Pitfall: Mutation Testing¶
Rule¶
Every code change MUST maintain 80%+ mutation kill rate. No exceptions.
What Is Mutation Testing¶
Mutation testing injects small bugs (mutants) into your code — flipping operators, removing statements, changing constants. If your tests don't catch the injected bug, the mutant "survives" and your tests have a blind spot.
A mutation score of 80% means: 80% of injected bugs are caught by your test suite.
Tools¶
| Stack | Tool | Config | Threshold |
|---|---|---|---|
| TypeScript (admin-ui) | Stryker | admin-ui/stryker.config.mjs |
break: 80 |
| Python (ge-bootstrap) | mutmut 3.x | setup.cfg [mutmut] |
TDD_MUTATION_THRESHOLD=80 |
Pre-Push Check¶
Common Mistakes¶
Shipping code without tests¶
New files with 0% coverage drag the overall score down. Always ship tests with code. This is the #1 cause of pipeline failures.
mutmut 3.x paths_to_mutate format¶
mutmut 3.x does NOT support comma-separated paths in setup.cfg. Use a directory:
# WRONG (treats entire string as one path):
paths_to_mutate=ge_orchestrator/a.py,ge_orchestrator/b.py
# RIGHT:
paths_to_mutate=ge_orchestrator
mutmut sandbox and imports¶
mutmut 3.x copies tests to a mutants/ sandbox but NOT the source package. A conftest.py in the test directory must add the project root to sys.path:
import os, sys
from pathlib import Path
_cwd = Path(os.getcwd())
_project_root = str(_cwd.parent) if _cwd.name == "mutants" else str(_cwd)

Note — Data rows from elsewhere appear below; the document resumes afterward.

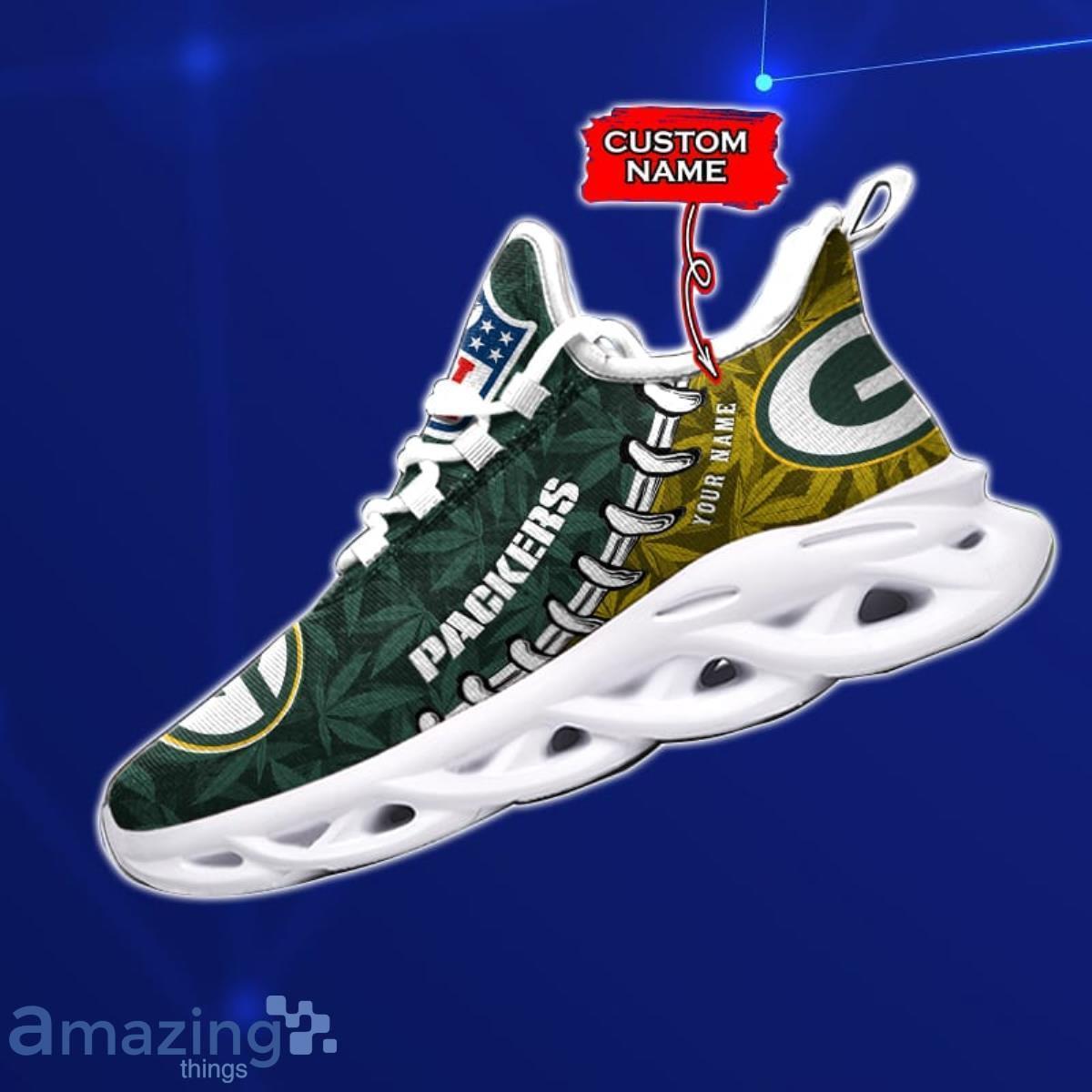 Green Bay Packers Personalized Max Soul Shoes Special Gift For Men And Women Fans image Green Bay Packers Personalized Max Soul Shoes Special Gift For Men And Women Fans Product Photo 3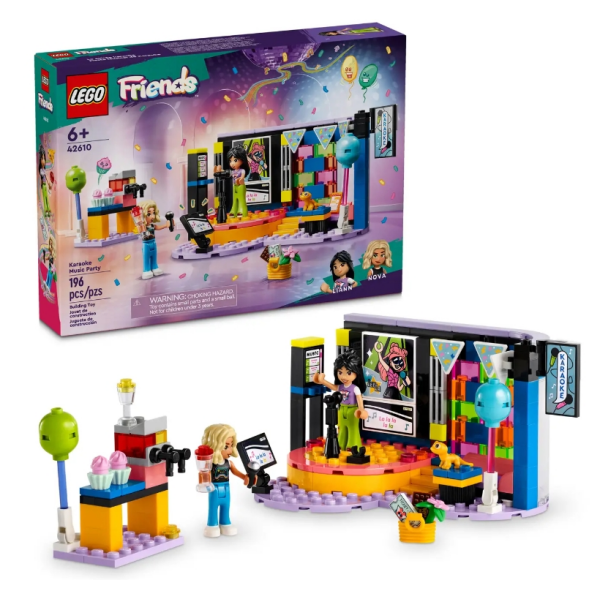 Fiesta musical de Karaoke Lego Friends 42610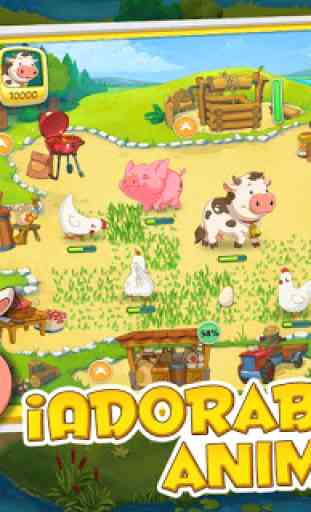 Jolly Days Farm: Time Management Game 1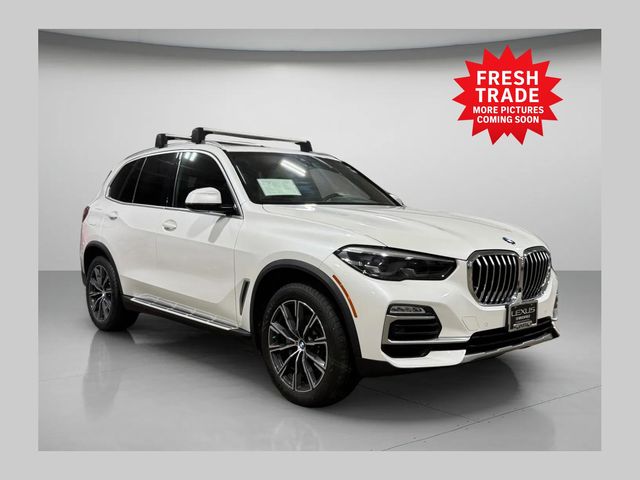 Mineral White Metallic 2020 BMW X5 xDrive40i AWD SUV / Crossover All-Wheel Drive 8-Speed Automatic
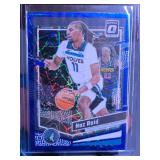 NAZ REID 2023-24 PANINI DONRUSS OPTIC BLUE VELOCITY
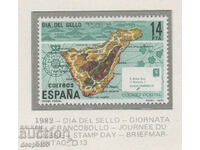 1982. Ισπανία. Ημέρα γραμματοσήμων.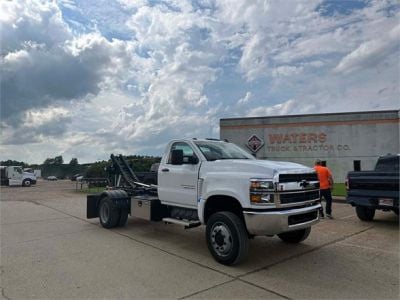 NEW 2022 CHEVROLET SILVERADO 5500HD HOOKLIFT TRUCK #3448-6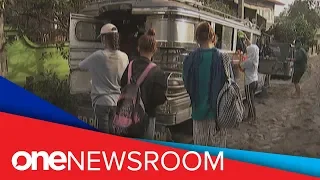 Thousands of residents from Agoncillo, Batangas evacuated to nearby towns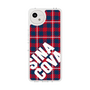 Slim Protection Case［ SINA COVA - Check - Red ］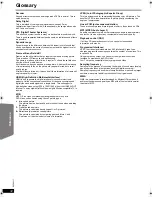 Preview for 32 page of Panasonic SC-PT464 Operating Instructions Manual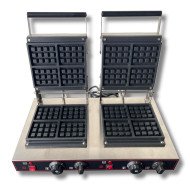 Gofrera Doble Eléctrica Sobremesa | Equipamiento Industrial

if _project_root not in sys.path:
sys.path.insert(0, _project_root)
Tests that don't actually test behavior¶
If tests pass but mutation score is low, your tests are likely: - Checking types/shapes instead of values - Using mocks that don't verify calls - Testing happy path only (no edge cases) - Asserting existence instead of correctness
CI Tier¶
mutation:typescript— STANDARD tier (merge-blocking on every MR)test:mutation(Python) — FULL tier (nightly + manual, due to CPU cost)
Incident History¶
- 2026-04-10: Score dropped 50.71% → 49.13% when ETF Phase 2 + agent backfill merged without mutation tests. Blocked the pipeline for the entire CI/CD fix session.